Recorded information –
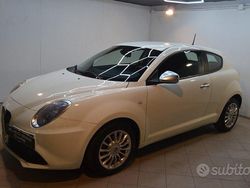 Bianco Usata 2017 Alfa Romeo MiTo Due volumi | 8290 € (Buon prezzo)
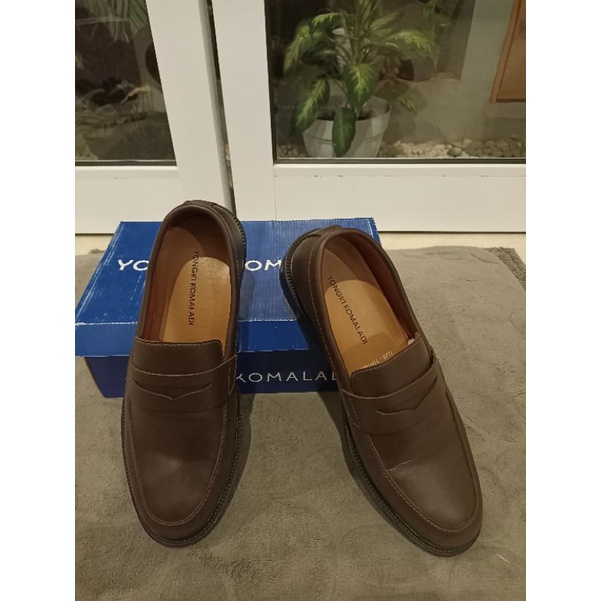 pantofel pria brown size 41 preloved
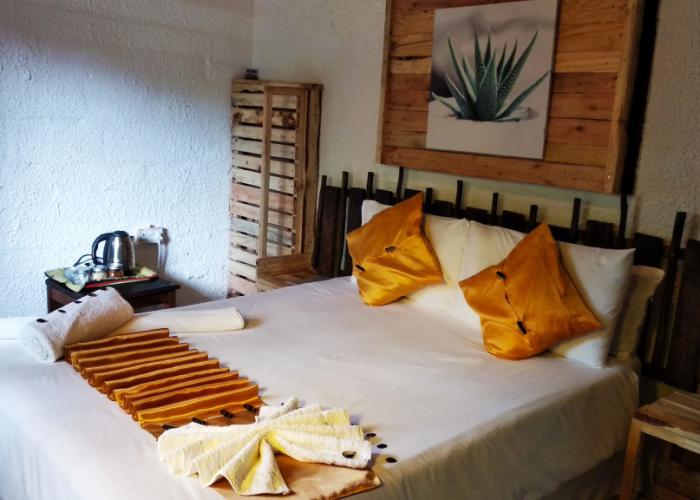 Elephant Trail Guesthouse and Backpackers Hostel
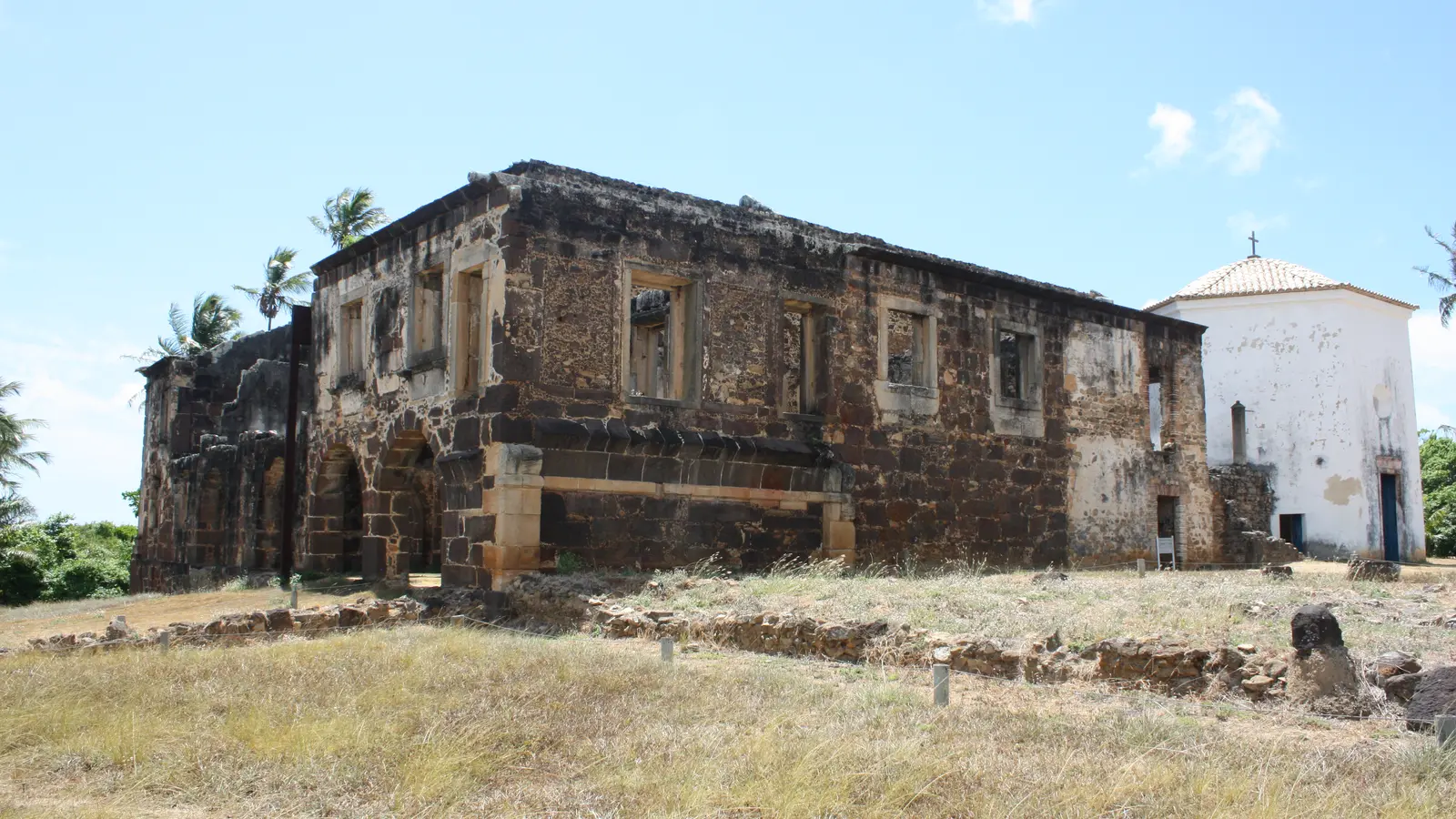 Ruínas do Castelo Garcia d'Ávila próximas a Praia do Forte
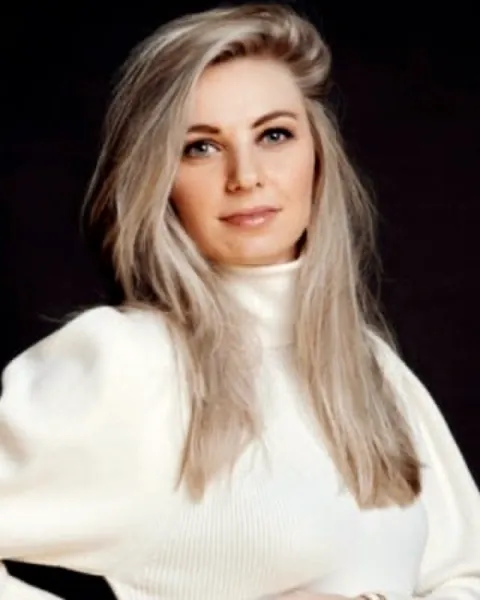 Zoë Louwers, Produktionskoordination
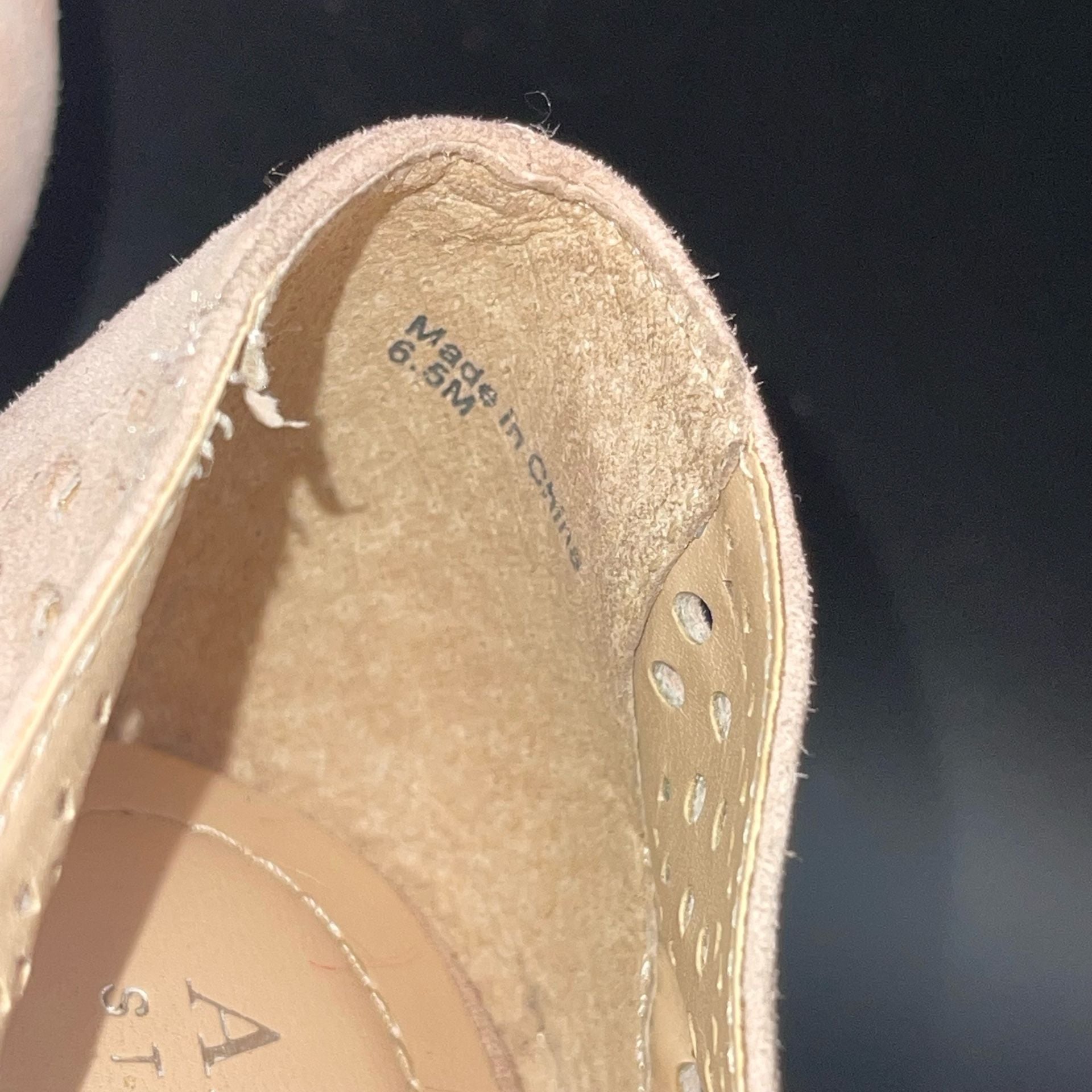 Alfani Step 'N Flex Perforated Pointed Toe Pumps Nude Size 6.5M 6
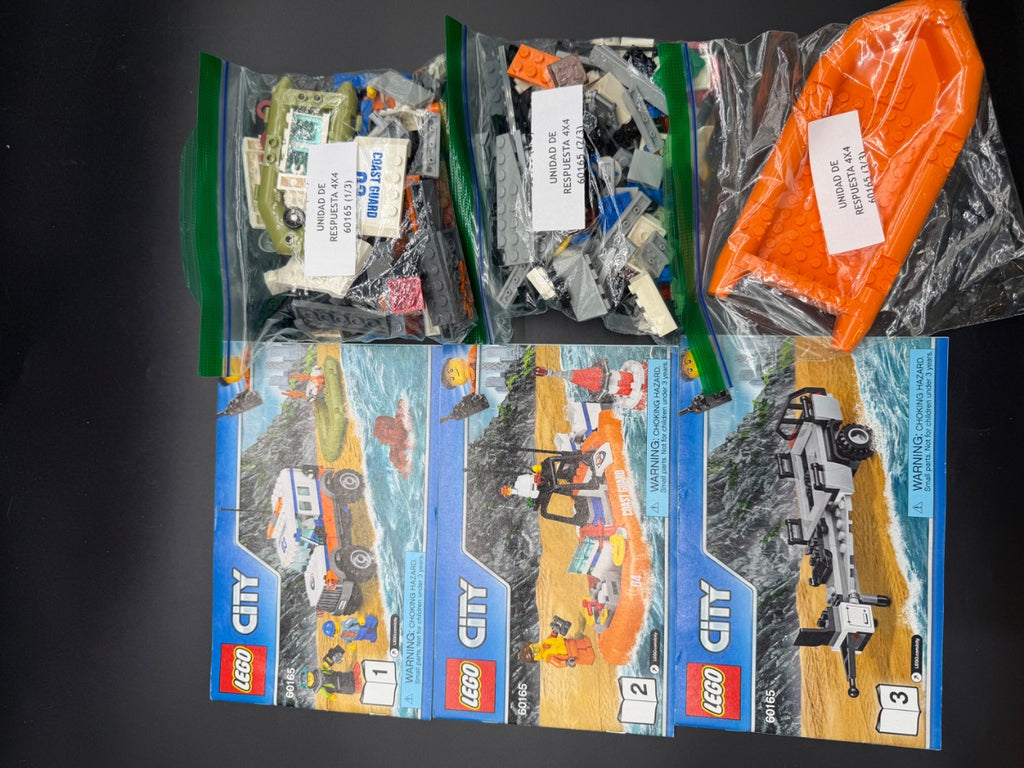 LEGO Set 4x4 Response Unit - Town — frente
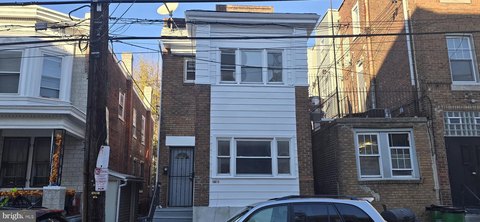 Renovated Duplex Near Center City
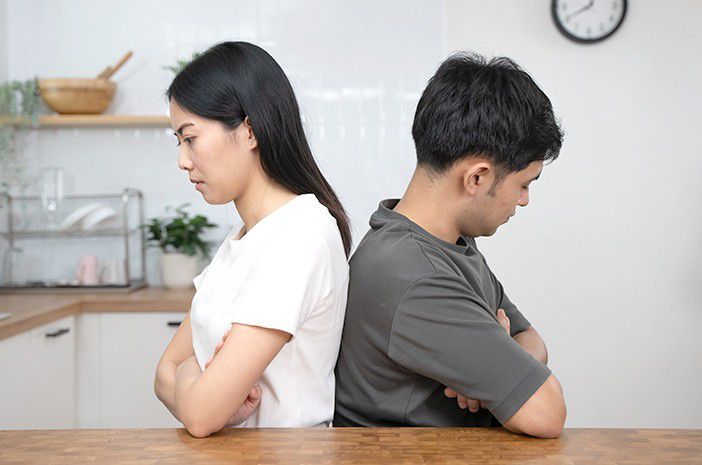 1. Sering Bertengkar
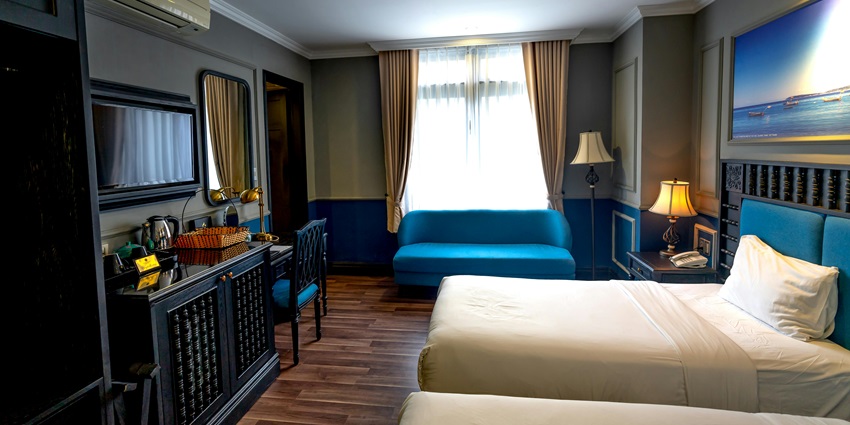 Accommodations near the museum offer a comfortable stay for all tourists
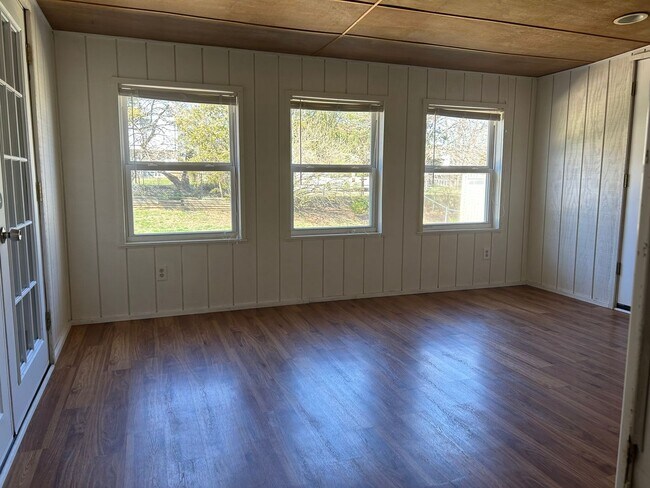 Building Photo - 691 WALNUT POINT DRIVE | BALLWIN 63021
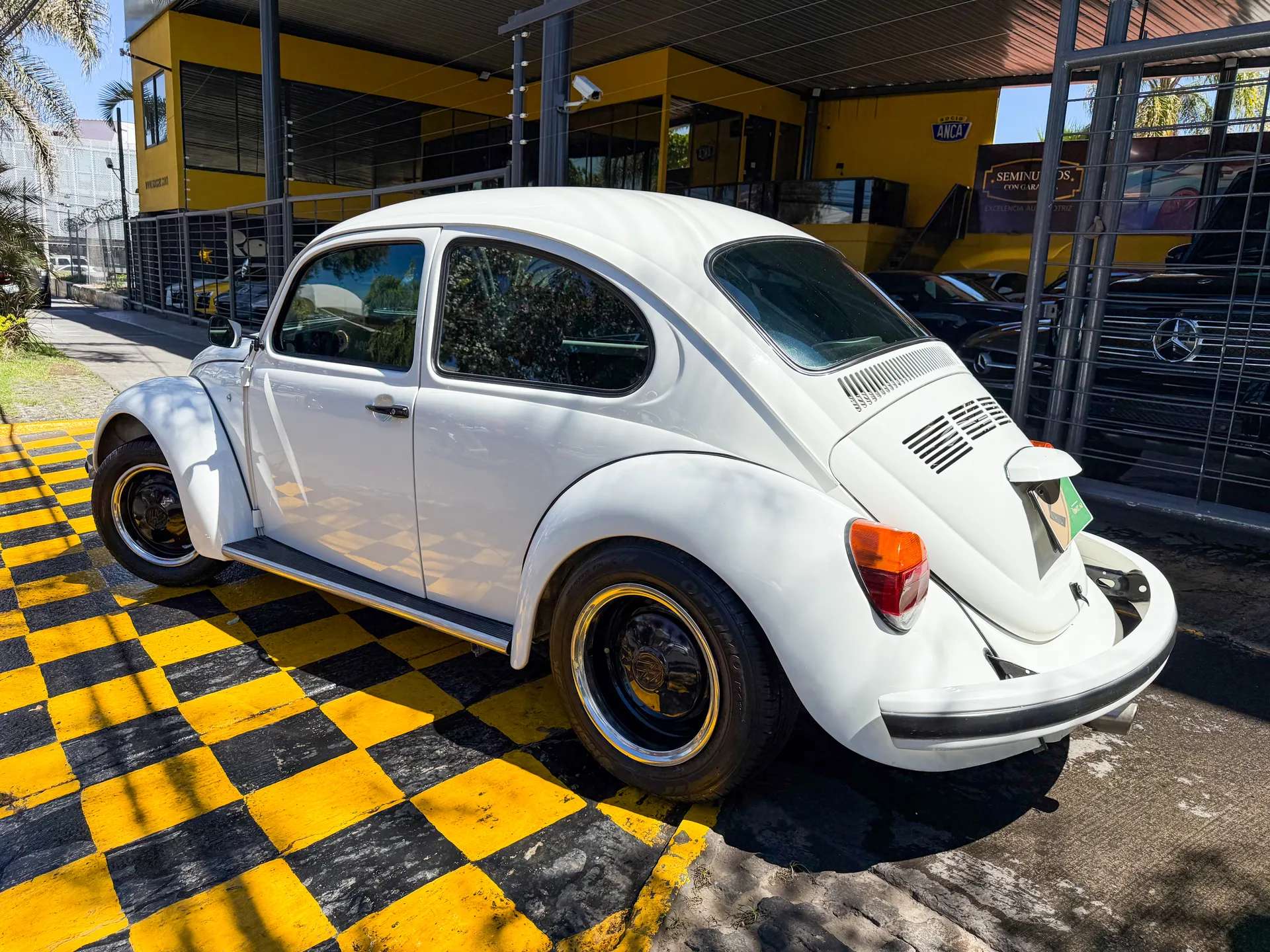 Car image 6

Problem to work on –
Return only the lines running from the start of the entries above to the line that contains "1. Sering Bertengkar", inclusive, and omit every picture.

Answer section –
 Bianco Usata 2017 Alfa Romeo MiTo Due volumi | 8290 € (Buon prezzo)
 pantofel pria brown size 41 preloved
 Elephant Trail Guesthouse and Backpackers Hostel
 Ruínas do Castelo Garcia d'Ávila próximas a Praia do Forte
 Zoë Louwers, Produktionskoordination
 Alfani Step 'N Flex Perforated Pointed Toe Pumps Nude Size 6.5M 6
 LEGO Set 4x4 Response Unit - Town — frente
 Renovated Duplex Near Center City
 1. Sering Bertengkar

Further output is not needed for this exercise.